Avant d’entrer au cimetière, je passe chez le fleuriste du coin. Et à chaque fois, je me demande quel bouquet acheter pour témoigner de mon amour. Le plus cher ? Le plus grand ? Le plus beau ? Alors, je ferme les yeux pour ramener à mon esprit ta douce image et je les rouvre en évitant cette fois-ci d’inspecter les prix pour être guidée par le seul souvenir de ta personne…et c’est là que je trouve le bouquet qui ressemble le plus à mon Wanis. C’est souvent des anémones, des céraistes ou des achillées.
Au bord de ta tombe, je dis que tu me manques et je déballe tout… mes heurs et malheurs. Parfois, je te demande de m’aider à faire des choix... Je t’arrose ensuite d’eau et enlève les pierres, pas assez belles à mon goût, de la petite colline. En m’éloignant des lieux, je me retourne à plusieurs reprises car j’ai toujours le sentiment de ne pas rester assez longtemps, pas avoir assez profité de cette proximité.

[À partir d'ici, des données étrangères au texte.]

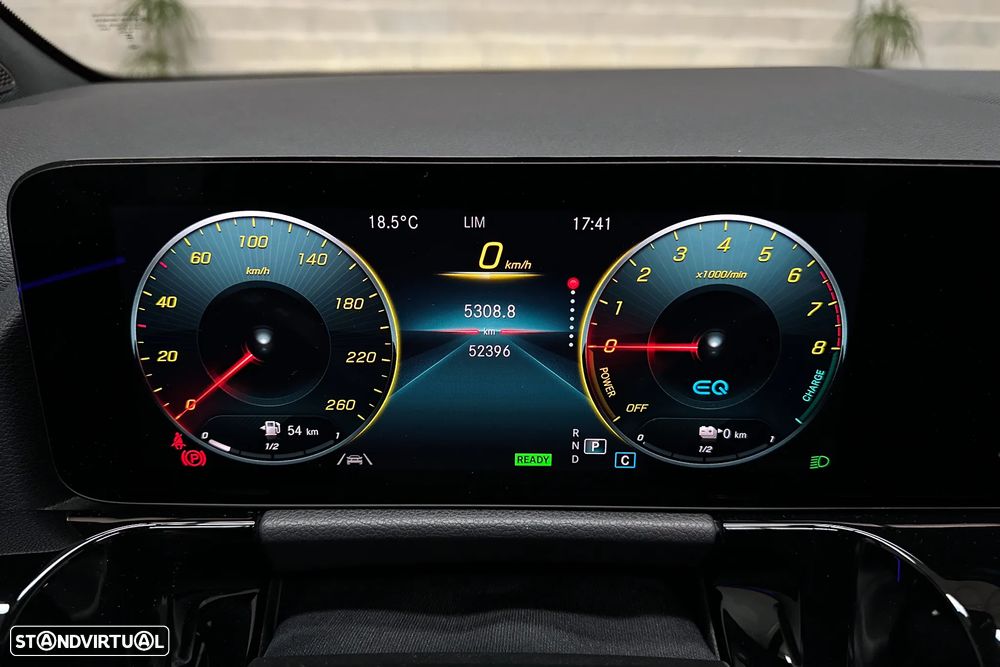 Mercedes-Benz GLA 250 e 8G-DCT Edition Progressive Line - 55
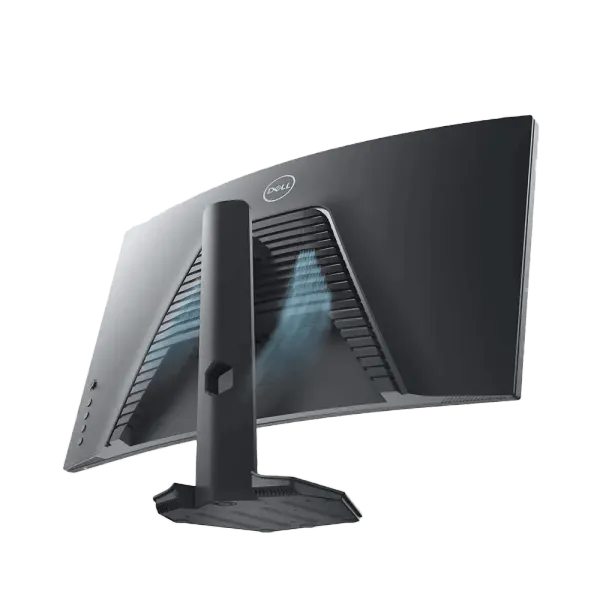 DELL S2721HGF 144Hz Gaming Monitor - High Performance & Immersive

Quand il fait beau, ce qui est rare sous les cieux nordiques, je suis contente pour toi. J’imagine les rayons du soleil transpercer la terre pour caresser ta peau et illuminer ton cercueil. Quand il neige, j’ai un pincement au cœur en pensant que tu es seul dans le froid et l’obscurité. Mais, ma consolation et que tu es enterré dans un endroit propre et vert où les vivants s’éclipsent pour laisser s’exprimer le silence des morts au milieu des gazouillis des oiseaux et du friselis des arbres.
Je t’aime comme je n’ai jamais aimé.